Retour vers le passé
L'élargissement de cet univers autorise également le retour de la Team (Rainbow) Rocket, une vague de nostalgie générée par le casting de célèbres vilains hauts en couleur issus des précédentes générations parmi ses rangs. Mais en raison du lieu confiné où s'établit logiquement l'organisation maléfique, cette mission se résume essentiellement à une succession de batailles dans le sillage des opus du temps jadis, rappelant par la même occasion les soucis de fluidité que suscitent les combats à plusieurs. Et si la nature de l'adversité vise à rehausser le challenge, les objets bonus et pouvoirs surpuissants du très bavard - pour ne pas dire inquisiteur - Motisma-Dex mâchent inexorablement le travail, à mesure que notre dresseur l'apprivoise. Les tacticiens devront par conséquent se tourner vers l'emprunt de Pokémon à l'Agence de Combat, une sorte de rénovation de l'usine d'antan pour appréhender des situations vraiment compliquées, en guise de préparation aux compétitions en ligne sur la Place Festival, à peine différentiable ici.
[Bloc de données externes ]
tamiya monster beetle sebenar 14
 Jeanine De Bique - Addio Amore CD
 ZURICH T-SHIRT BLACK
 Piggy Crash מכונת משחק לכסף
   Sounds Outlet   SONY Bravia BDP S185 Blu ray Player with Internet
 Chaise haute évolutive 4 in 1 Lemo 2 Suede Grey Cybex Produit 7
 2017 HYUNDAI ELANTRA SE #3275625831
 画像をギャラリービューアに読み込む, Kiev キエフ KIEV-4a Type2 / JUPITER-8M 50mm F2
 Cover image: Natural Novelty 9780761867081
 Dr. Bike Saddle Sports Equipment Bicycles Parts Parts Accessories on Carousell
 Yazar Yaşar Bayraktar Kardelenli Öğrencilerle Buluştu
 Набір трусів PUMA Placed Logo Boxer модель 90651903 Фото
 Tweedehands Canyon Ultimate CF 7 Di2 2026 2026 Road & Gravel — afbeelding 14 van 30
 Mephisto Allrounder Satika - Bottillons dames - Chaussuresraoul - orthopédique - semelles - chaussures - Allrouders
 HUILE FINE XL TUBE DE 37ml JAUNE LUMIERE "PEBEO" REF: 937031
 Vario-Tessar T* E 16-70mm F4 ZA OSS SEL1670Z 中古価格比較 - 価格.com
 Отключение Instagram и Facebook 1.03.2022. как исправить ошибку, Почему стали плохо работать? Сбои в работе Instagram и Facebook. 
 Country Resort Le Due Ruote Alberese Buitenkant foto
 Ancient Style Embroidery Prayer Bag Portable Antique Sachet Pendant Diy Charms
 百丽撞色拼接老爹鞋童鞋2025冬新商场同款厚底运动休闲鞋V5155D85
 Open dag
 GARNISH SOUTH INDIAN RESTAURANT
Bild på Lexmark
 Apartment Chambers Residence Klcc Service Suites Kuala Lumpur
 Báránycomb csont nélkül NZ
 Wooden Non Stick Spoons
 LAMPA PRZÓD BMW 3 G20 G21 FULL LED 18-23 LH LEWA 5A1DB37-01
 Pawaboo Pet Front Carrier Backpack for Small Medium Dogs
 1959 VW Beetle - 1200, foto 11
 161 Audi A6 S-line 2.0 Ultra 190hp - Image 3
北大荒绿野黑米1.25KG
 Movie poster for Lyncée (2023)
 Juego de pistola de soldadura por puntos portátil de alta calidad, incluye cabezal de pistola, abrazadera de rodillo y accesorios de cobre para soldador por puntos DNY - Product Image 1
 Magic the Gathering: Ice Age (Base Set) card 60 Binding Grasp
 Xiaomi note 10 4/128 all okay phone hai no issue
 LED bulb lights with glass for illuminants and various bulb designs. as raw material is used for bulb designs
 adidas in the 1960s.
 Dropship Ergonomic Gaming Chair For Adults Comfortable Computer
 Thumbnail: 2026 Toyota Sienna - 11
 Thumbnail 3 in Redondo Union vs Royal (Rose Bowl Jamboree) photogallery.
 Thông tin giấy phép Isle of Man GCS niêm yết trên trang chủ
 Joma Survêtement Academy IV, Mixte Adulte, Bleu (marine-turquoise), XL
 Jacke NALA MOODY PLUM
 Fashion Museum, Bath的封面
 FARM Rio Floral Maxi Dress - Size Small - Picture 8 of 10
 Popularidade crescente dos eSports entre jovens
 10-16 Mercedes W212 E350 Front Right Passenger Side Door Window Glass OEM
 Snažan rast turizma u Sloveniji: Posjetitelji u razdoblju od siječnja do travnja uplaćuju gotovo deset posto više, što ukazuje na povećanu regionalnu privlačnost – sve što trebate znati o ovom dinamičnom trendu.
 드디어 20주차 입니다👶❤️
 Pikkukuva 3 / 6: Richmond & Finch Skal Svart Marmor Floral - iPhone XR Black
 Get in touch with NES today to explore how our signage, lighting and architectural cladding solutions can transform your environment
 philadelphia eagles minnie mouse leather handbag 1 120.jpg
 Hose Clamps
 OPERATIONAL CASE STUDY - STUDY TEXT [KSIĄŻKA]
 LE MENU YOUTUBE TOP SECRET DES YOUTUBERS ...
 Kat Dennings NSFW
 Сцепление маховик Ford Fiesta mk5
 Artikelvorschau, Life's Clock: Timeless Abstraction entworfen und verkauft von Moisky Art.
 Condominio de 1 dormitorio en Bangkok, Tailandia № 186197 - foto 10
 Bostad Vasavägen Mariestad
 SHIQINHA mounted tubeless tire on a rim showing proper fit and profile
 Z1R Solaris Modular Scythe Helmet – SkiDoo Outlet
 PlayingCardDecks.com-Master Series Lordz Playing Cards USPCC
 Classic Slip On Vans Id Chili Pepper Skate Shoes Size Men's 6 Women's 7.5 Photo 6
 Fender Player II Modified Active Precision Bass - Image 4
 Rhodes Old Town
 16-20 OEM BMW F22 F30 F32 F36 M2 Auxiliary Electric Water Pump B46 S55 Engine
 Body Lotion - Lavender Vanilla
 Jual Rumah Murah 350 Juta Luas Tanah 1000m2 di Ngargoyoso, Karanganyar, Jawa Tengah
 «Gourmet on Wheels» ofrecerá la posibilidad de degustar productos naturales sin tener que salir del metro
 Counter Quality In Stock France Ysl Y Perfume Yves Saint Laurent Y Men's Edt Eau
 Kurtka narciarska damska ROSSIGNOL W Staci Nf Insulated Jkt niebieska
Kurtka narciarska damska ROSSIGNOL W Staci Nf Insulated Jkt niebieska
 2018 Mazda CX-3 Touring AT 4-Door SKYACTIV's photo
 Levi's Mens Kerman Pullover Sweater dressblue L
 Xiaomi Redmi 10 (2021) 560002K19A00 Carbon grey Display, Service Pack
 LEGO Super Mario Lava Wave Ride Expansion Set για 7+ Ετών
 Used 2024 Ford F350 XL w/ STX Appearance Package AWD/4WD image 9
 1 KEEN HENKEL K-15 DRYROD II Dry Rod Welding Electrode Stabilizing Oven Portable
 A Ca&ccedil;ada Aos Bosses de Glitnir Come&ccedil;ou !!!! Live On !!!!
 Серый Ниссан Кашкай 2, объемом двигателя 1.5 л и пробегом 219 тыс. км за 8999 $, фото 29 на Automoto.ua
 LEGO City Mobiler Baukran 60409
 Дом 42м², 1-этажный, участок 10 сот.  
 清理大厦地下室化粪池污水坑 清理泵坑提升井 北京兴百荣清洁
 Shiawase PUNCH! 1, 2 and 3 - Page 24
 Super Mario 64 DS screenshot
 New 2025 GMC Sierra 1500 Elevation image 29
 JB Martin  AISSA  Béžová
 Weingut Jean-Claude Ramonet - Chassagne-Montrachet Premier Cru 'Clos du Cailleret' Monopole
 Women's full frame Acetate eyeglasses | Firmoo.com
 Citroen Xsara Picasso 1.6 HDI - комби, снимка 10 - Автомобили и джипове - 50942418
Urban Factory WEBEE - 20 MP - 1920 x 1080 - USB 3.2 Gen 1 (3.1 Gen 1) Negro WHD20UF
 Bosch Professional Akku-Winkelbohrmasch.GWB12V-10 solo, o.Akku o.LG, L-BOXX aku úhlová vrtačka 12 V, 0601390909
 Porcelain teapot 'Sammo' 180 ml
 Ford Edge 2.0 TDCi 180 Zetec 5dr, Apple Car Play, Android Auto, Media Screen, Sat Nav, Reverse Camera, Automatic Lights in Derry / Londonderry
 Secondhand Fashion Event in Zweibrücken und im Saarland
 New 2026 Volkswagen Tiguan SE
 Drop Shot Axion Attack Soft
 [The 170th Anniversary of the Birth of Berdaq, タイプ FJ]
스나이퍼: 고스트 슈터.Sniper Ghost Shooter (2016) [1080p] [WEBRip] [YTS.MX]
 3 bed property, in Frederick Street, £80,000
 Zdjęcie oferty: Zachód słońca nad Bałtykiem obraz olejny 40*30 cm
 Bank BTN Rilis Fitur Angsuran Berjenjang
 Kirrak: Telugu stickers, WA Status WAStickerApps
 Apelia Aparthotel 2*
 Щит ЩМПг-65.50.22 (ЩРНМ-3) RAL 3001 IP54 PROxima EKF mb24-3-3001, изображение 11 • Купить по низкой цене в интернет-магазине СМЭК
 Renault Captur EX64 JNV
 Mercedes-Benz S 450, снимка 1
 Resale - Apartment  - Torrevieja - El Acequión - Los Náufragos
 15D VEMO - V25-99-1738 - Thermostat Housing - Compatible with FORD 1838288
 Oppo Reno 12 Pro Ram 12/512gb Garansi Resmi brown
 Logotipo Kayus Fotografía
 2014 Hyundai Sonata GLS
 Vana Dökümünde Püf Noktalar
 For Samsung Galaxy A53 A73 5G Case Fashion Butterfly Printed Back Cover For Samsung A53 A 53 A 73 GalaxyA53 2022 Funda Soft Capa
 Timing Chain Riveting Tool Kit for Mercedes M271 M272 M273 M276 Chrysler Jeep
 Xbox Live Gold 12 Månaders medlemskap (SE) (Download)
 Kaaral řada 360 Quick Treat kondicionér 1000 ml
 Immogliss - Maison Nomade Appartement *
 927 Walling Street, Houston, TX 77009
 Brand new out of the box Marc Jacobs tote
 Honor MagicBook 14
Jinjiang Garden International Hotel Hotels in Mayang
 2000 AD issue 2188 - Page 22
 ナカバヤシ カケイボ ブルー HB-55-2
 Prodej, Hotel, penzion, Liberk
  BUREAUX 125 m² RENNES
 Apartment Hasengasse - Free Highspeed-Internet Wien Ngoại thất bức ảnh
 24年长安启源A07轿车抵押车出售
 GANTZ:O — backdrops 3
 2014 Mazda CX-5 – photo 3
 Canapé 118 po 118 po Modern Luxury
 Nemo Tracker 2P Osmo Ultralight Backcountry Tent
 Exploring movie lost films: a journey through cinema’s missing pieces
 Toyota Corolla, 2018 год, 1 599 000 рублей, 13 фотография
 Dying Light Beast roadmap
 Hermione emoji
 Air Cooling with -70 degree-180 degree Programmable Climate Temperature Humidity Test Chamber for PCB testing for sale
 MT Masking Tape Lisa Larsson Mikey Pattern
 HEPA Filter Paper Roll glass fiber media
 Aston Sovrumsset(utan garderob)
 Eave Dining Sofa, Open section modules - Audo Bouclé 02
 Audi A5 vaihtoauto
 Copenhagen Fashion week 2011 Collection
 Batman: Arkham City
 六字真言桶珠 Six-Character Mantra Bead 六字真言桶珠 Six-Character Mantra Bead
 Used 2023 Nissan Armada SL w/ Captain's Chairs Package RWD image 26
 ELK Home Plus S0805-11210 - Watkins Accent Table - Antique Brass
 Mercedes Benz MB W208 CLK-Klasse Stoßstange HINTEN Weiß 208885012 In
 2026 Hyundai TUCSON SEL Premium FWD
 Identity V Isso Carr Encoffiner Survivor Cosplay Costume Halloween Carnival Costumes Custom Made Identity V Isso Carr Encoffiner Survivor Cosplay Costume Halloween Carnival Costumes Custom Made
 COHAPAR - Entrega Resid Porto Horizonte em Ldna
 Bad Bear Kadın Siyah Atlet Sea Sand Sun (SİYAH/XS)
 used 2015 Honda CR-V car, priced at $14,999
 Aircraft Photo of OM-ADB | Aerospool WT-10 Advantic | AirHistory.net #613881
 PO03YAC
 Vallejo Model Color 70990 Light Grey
Game Freak a indiscutablement eu recours au recyclage, compte tenu du faible nombre de nouvelles formes et de la majorité de revenants parmi les plus de 400 espèces au programme. Pour leur défense, les attaques-Z additionnelles et l'introduction de quelques bestioles au beau milieu d'une génération témoignent d'un certain zèle doublé d'une volonté de rompre avec les habitudes, que l'on espère plus affirmée pour le futur.